Keras Inplace modification error during back propagation when training a stateful LSTM using PyTorch as backend

When creating a stateful LSMT model in Keras 3 with PyTorch as the backend PyTorch performs in-place operations during back propagation in the LSTM layer.

Error description: RuntimeError: one of the variables needed for gradient computation has been modified by an inplace operation: [torch.FloatTensor [32, 50]] is at version 1; expected version 0 instead. Hint: enable anomaly detection to find the operation that failed to compute its gradient, with torch.autograd.set_detect_anomaly(True).

Further investigation with detect_anomaly: RuntimeError: one of the variables needed for gradient computation has been modified by an inplace operation: [torch.FloatTensor [32, 50]] is at version 2; expected version 1 instead. Hint: the backtrace further above shows the operation that failed to compute its gradient. The variable in question was changed in there or anywhere later

When the same test code is run with both JAX or TensorFlow as backend the task runs without any errors. The problem is confined to Keras with PyTorch backend only.

Test script:

import numpy as np
import os
os.environ["KERAS_BACKEND"] = "torch"
import keras

# Sample dataset generator for demonstration
def generate_time_series_data(batch_size, time_steps, num_features):
    while True:
        x = np.random.rand(batch_size, time_steps, num_features)
        y = np.sum(x, axis=2)  # Just an example: target is the sum of features along the time step
        yield x, y

# Parameters
batch_size = 32  # Number of sequences per batch
time_steps = 10  # Length of each sequence
num_features = 3  # Number of features per time step
epochs = 10  # Number of epochs

# Build the LSTM model
model = keras.Sequential()
model.add(keras.Input(shape=(time_steps, num_features), batch_size=batch_size))
lstm_layer = keras.layers.LSTM(50,
               stateful=True,
               return_sequences=False) # return_sequences can be True if another LSTM is added
model.add(lstm_layer)
model.add(keras.layers.Dense(1, activation='linear'))  # For scalar output

# Compile the model with optimizer and loss function
model.compile(optimizer=keras.optimizers.Adam(learning_rate=0.001), loss='mse', metrics=['mae'])

# Print model summary
model.summary()

# Generate dummy training data
train_generator = generate_time_series_data(batch_size, time_steps, num_features)
steps_per_epoch = 100  # Number of batches per epoch

# Train the model with stateful data
for epoch in range(epochs):
    print(f"Epoch {epoch + 1}/{epochs}")
    model.fit(train_generator, steps_per_epoch=steps_per_epoch, epochs=1, verbose=1, shuffle=False)
    # Reset states after each epoch
    lstm_layer.reset_states()

PraveenH has created a temporary fix in Colab repo.
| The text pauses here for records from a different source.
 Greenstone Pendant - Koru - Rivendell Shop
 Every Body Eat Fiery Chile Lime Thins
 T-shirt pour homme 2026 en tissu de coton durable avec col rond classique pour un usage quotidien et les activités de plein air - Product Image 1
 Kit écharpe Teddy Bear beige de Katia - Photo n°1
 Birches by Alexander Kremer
Please have a look at: (https://colab.research.google.com/drive/1_8HKONyYbWMRLuEJfIS3PSReMEA9xfu6#scrollTo=bPjFIAarl0wL)

We're not yet 100% certain it is the best solution (so will be guided by what team-keras comes up with), but it sure is excellent work in my view, thank you Praveen for the deep dive into this!
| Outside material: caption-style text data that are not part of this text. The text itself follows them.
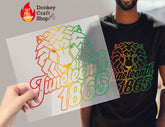 Juneteenth DTF, Ready for Press, Heat Press Transfers DTF400
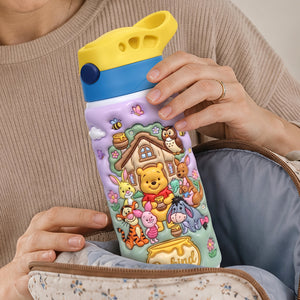 Wooded School 12oz Tumbler, Personalized Gifts For Back To School Kids 02qhdt280726-Homacus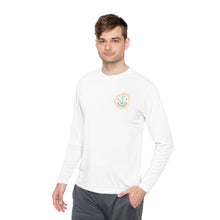 Load image into Gallery viewer, Credit Card Captain Official Broken Anchor Colored Logo Front and Back Lightweight Long Sleeve Tee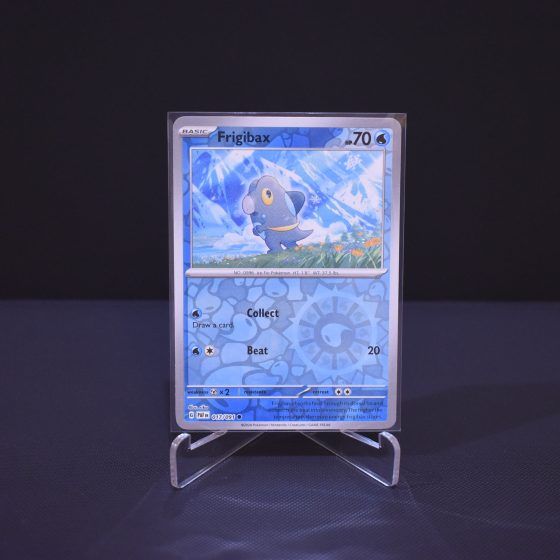 Frigibax, 017/091, Paldean Fates (PAF), Reverse Holo (RH), Kartu Pokemon, [#1]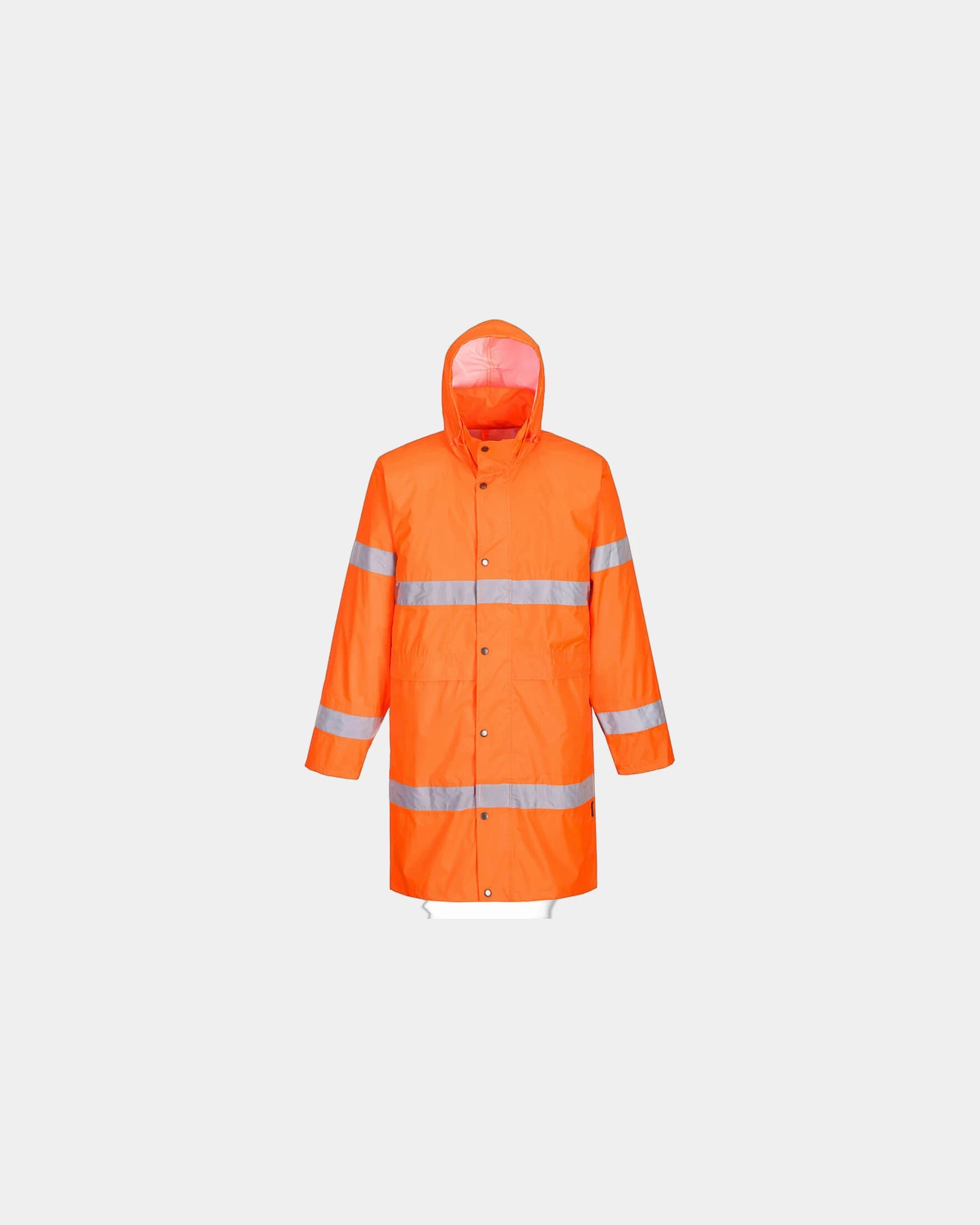 Regenjas hivis 100 cm waterdicht om te personaliseren - Oranje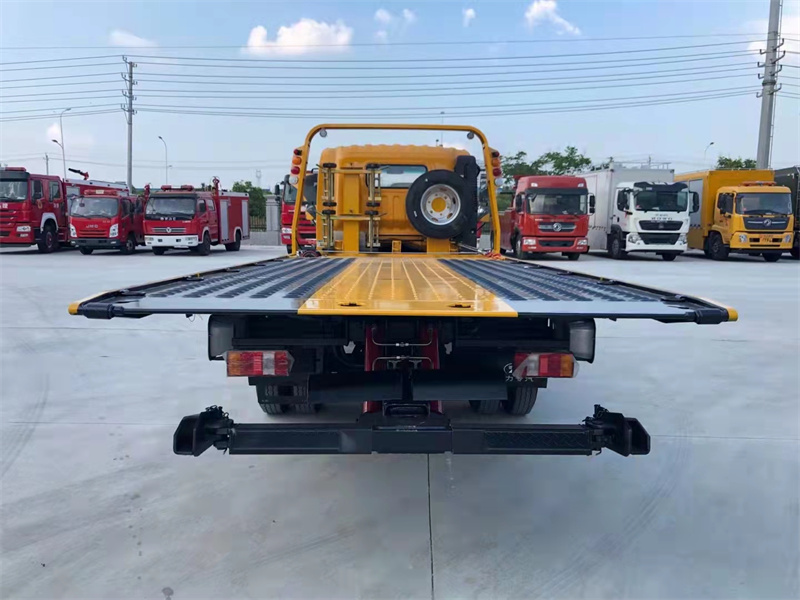 國(guó)六重汽豪沃藍(lán)牌一拖二清障車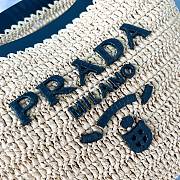 Kitlife Prada Medium Crochet And Leather Tote Bag Tan & Black 1BG499 32x29x15cm - 5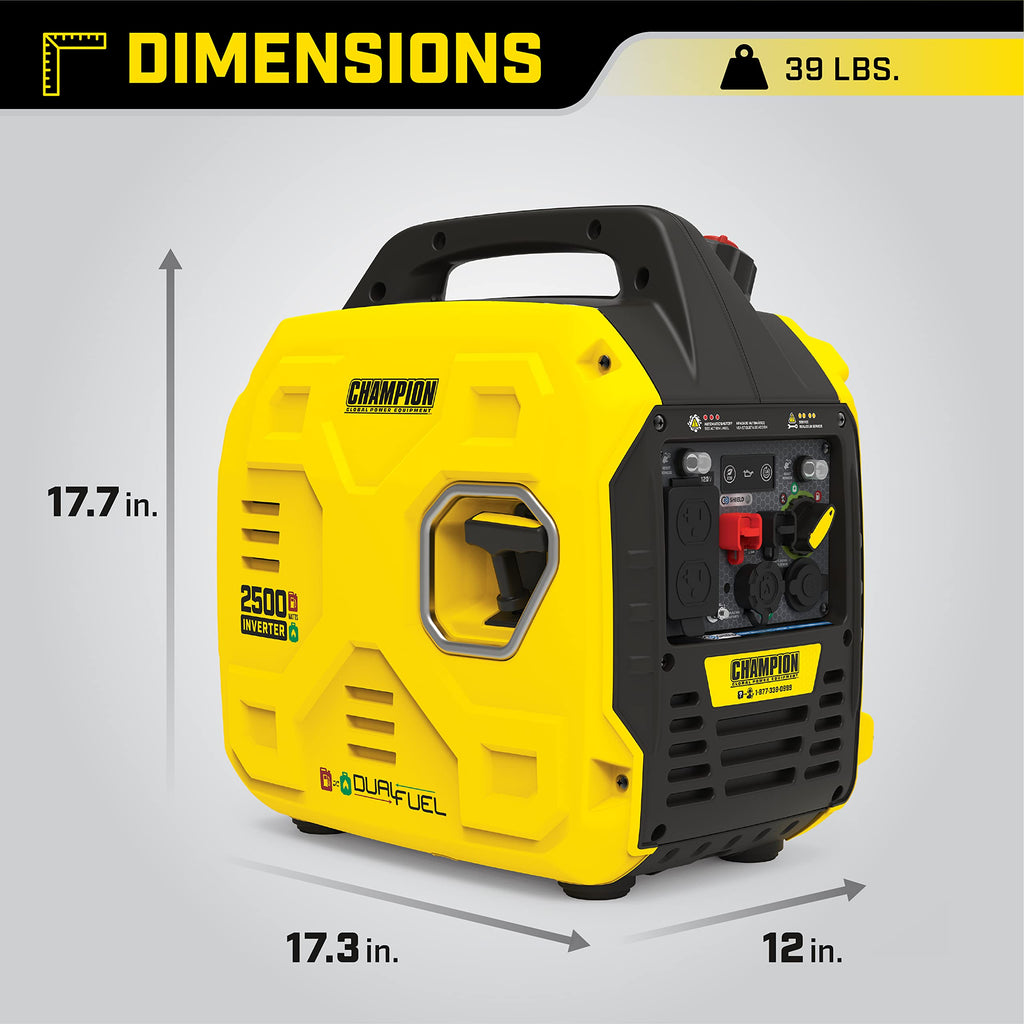 Champion Power Equipment 3500-Watt Portable Inverter Generator with Quiet Technology and CO Shield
Can I ask for this to be logged as a bug?

Comment From: praveenhosdrug123

Just adding more context on the temporary fix, The error occurred because the autograd engine detected that a tensor required for gradient computation was modified in-place, invalidating the computational graph. Specifically: The LSTM states (hidden state and cell state) were being modified in-place during the forward pass PyTorch expects tensors to maintain their original versions for accurate gradient computation When the backward pass attempted to compute gradients, it found tensor versions mismatched (version 2 vs expected version 1) The fix involved: Creating a new tensor with the same content and computational history, but it's a seperate tensor object with its own memory allocation. LSTM states using .clone() before modifications Replacing in-place operations with Keras ops functions that create new tensor instances This ensures the original tensors remain untouched for proper gradient tracking during backpropagation.